Exercise details - Make an exact copy of the lines from the one holding "TOOTHPASTE AIM 5.5OZWHITENING MINT GEL" through the end of the entries below, both ends kept, and of nothing else. Exclude pictures.

Crawled caption data -
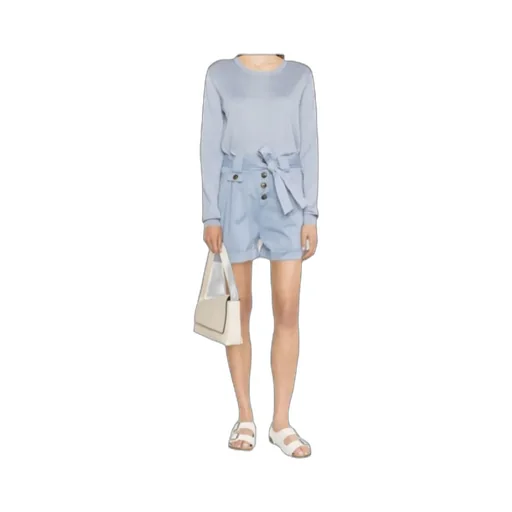 Tied-Waist Turn-Up Hem Shorts
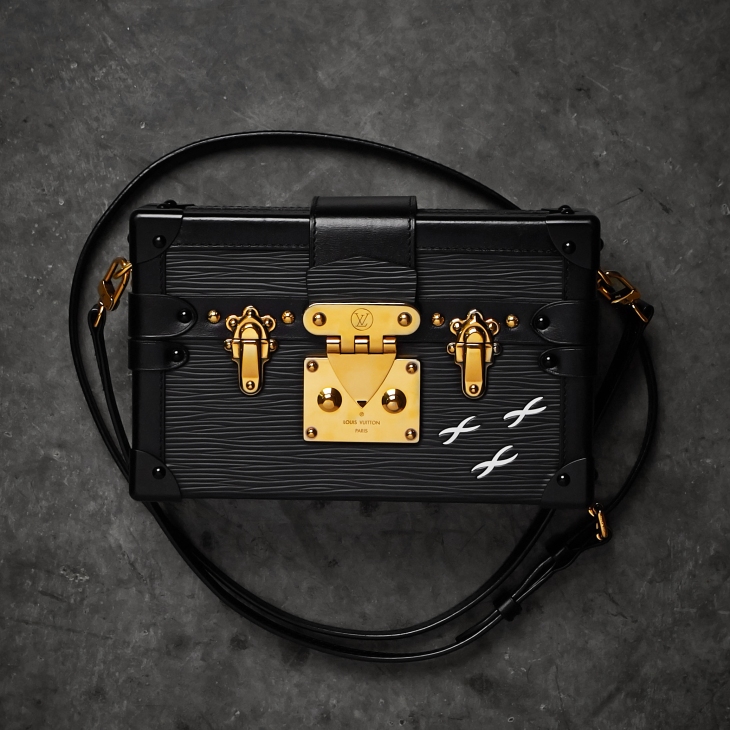 Louis Vuitton Black Epi Leather Petite Malles Clutch Bag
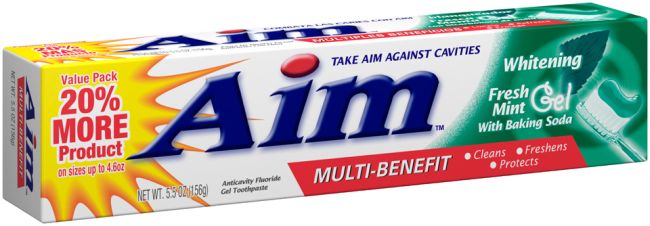 TOOTHPASTE AIM 5.5OZWHITENING MINT GEL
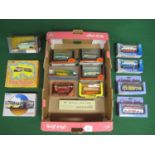 Box of boxed diecast model buses from EFE, Corgi, Matchbox and Classic Bus to include: Jersey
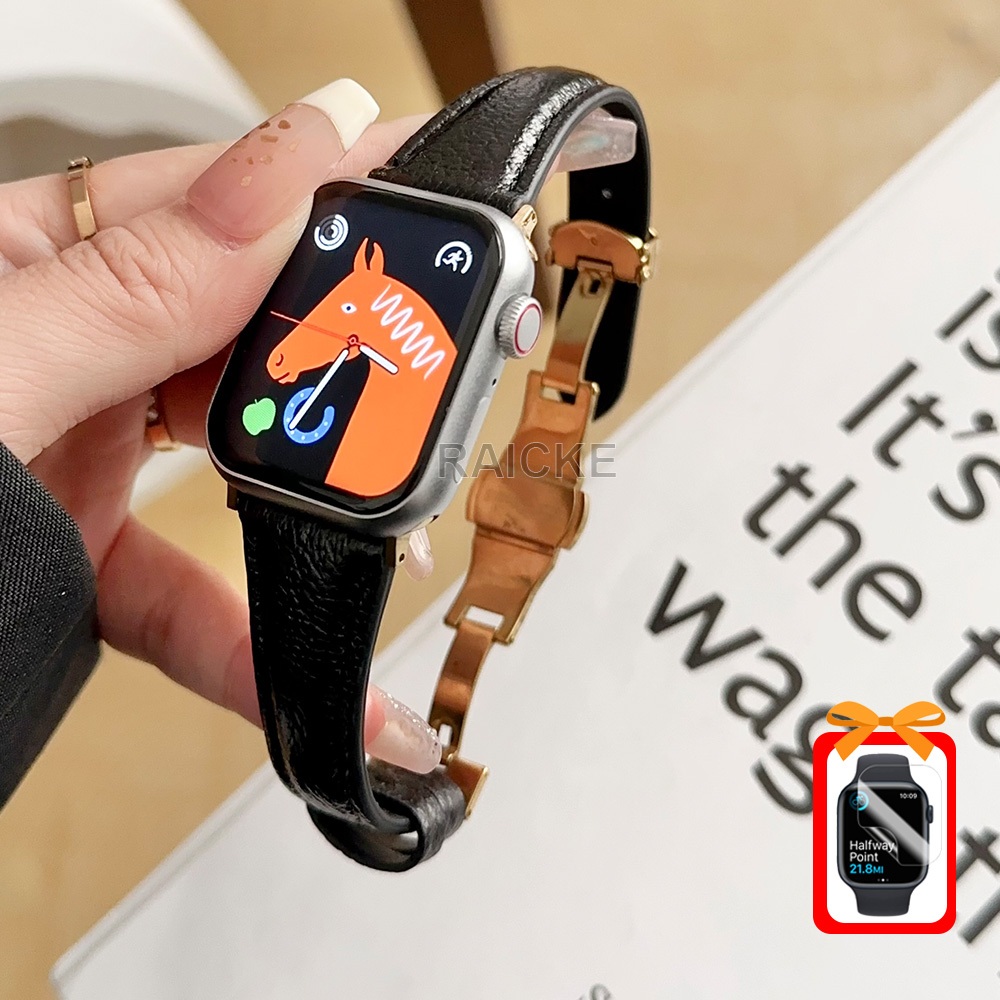 สายรัดหนังแกะนุ่มสายนาฬิกาบางสําหรับ iWatch Series 11/10/9/8/7/6/5/4/3/SE Ultra 2 49mm 46mm 44mm 45mm 41mm 42mm 40mm 38mm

Answer -
 TOOTHPASTE AIM 5.5OZWHITENING MINT GEL
 Box of boxed diecast model buses from EFE, Corgi, Matchbox and Classic Bus to include: Jersey
 สายรัดหนังแกะนุ่มสายนาฬิกาบางสําหรับ iWatch Series 11/10/9/8/7/6/5/4/3/SE Ultra 2 49mm 46mm 44mm 45mm 41mm 42mm 40mm 38mm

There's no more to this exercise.